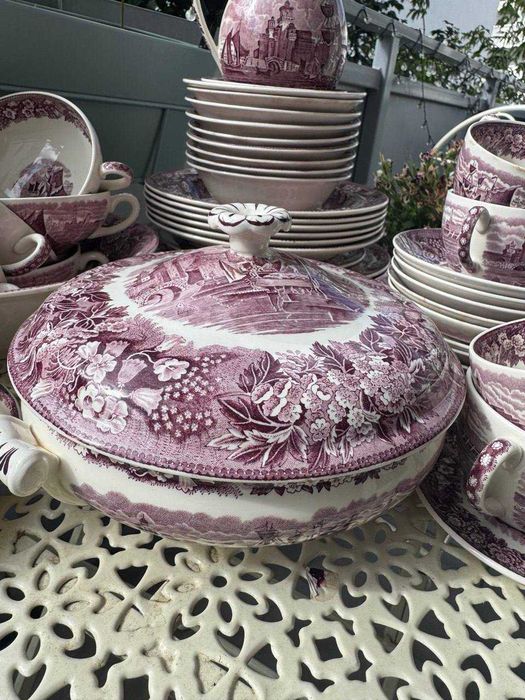 Wedgwood Ferrara – duży serwis porcelanowy, ponad 45 elementów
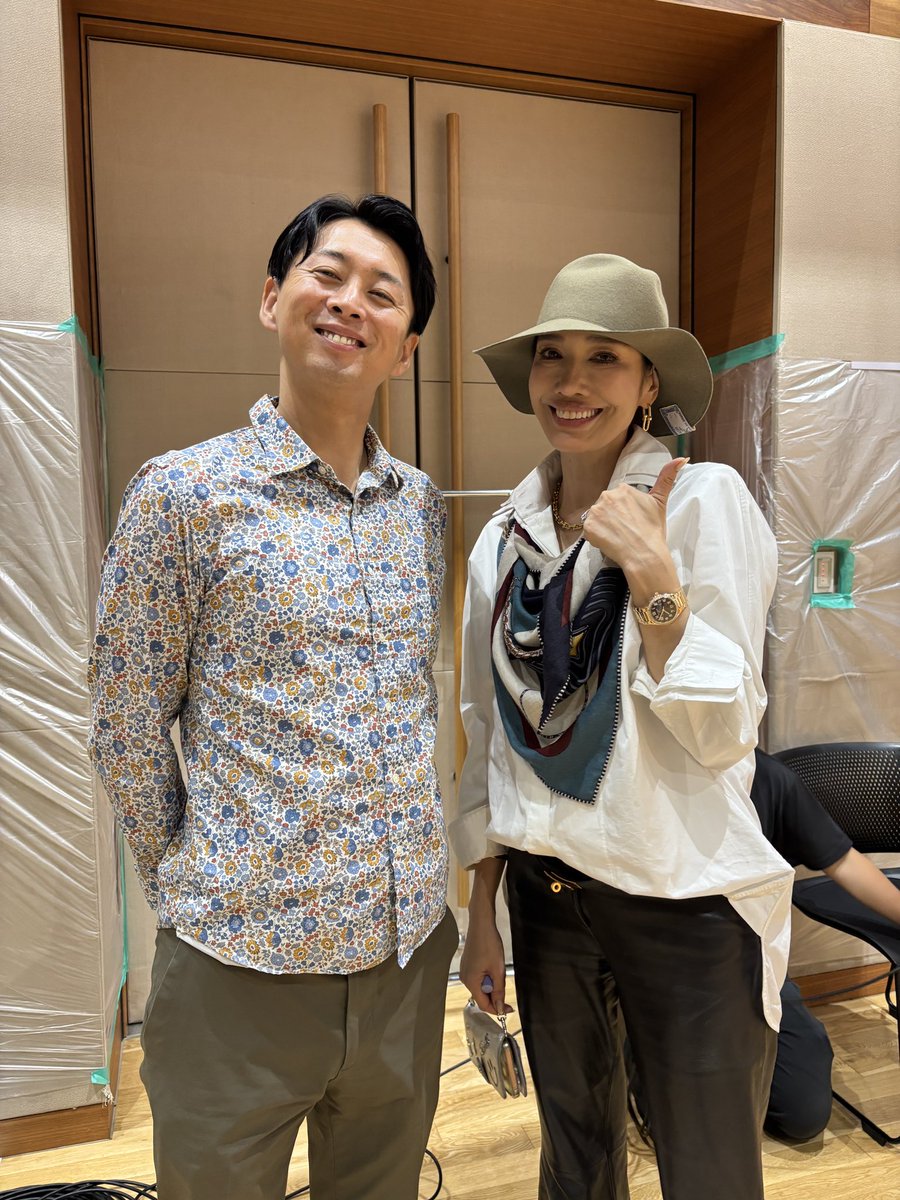 daisukehourai's tweet photo. 気象キャスター1年目からやったミヤネ屋が閉店しました。
今までご視聴頂きありがとうございました🙇🏻‍♂️
終わって1日経って寂しさと次に向かう清々しさがあります。
思い出が残像のような15年。
まさに「夢中」でやった青春でした。TVで真面目なことと楽しいことの両方を今後もやりたいもんです🫡 https://t.co/tkRKxQpw9c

* * * * * * * * *

__WHAT THE TASK REQUIRES__:
Return every line from the one holding "今までご視聴頂きありがとうございました🙇🏻‍♂️" through the end of the data, exactly as it appears, with both ends kept and nothing else.

__ANSWER FOR THIS EXERCISE__:
今までご視聴頂きありがとうございました🙇🏻‍♂️
終わって1日経って寂しさと次に向かう清々しさがあります。
思い出が残像のような15年。
まさに「夢中」でやった青春でした。TVで真面目なことと楽しいことの両方を今後もやりたいもんです🫡 https://t.co/tkRKxQpw9c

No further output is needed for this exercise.